Tuesday, April 7, 2009
Maldives president asks The Queen to stop islands sinking
Mohamed Nasheed, the president of Maldives, on Monday was scheduled to ask the help of Queen Elizabeth in combating the climate change and rising sea levels that threaten to submerge his island nation.
The president of the archipelago, who is on an official visit to the UK, said he would discuss the potential consequences of global warming on his country while at dinner with the Queen at Windsor Castle. He said he would seek advice from the monarch, as head of the Commonwealth, on a possible way out of the crisis.
"I will ask her for advice - about what she thinks and also how we may be able to organise ourselves," he told The Daily Telegraph.

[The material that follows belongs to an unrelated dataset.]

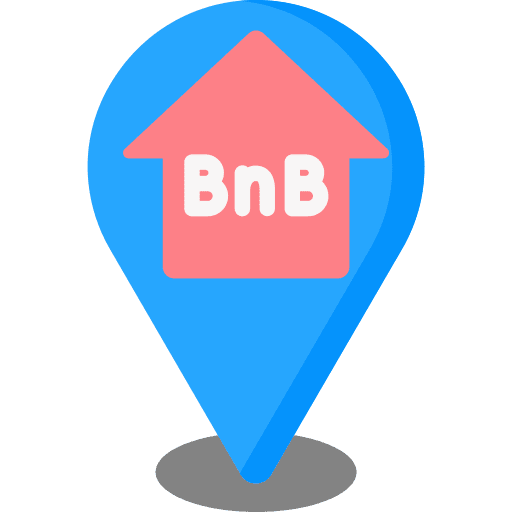 Bed and breakfast location pin travel bed and breakfast icon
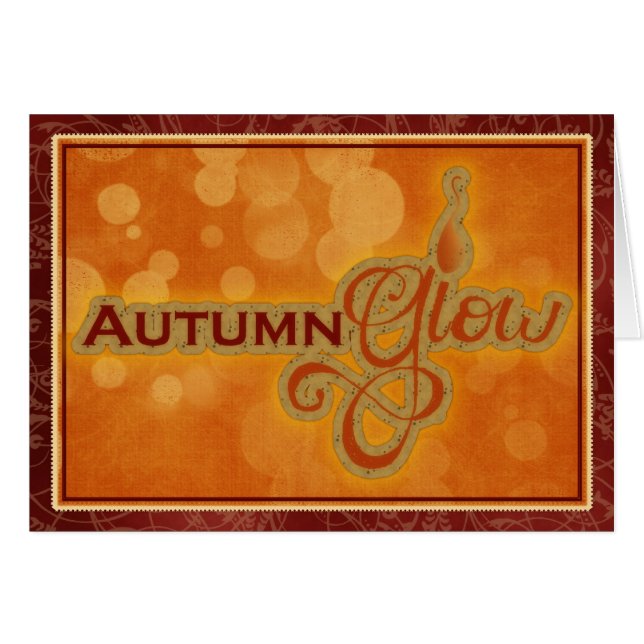 秋グロー秋シーズングリーティングカード (正面横)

"I'm sure her majesty would be very aware of the predicament that low-lying Commonwealth countries like the Maldives would be facing," he said. "In the past she has always responded very affectionately towards the Maldives and I'm sure she would find appropriate measures and appropriate actions on these issues."
The Maldives, one of the lowest countries in the world, is likely to be severely affected by rising sea levels as ice caps melt. If predictions by the International Panel on Climate Change are correct, most of the country's 1,192 islands will be submerged by the end of the century.
Mr Nasheed is also due this week to talk to the Kamalesh Sharma, Secretary General of the Commonwealth, and John Ashton, special adviser on Climate Change. The move comes amid climate change talks in Bonn in the run-up to the United Nations summit in Copenhagen in December which aims to forge a successor to the 1997 Kyoto protocol.
After being sworn in as president in November, Mr Nasheed said he would consider buying a new homeland to relocate his people in the face of the threat. And last month, he announced his country aimed to be the world's first carbon neutral country by switching to renewable energies as an example to other countries.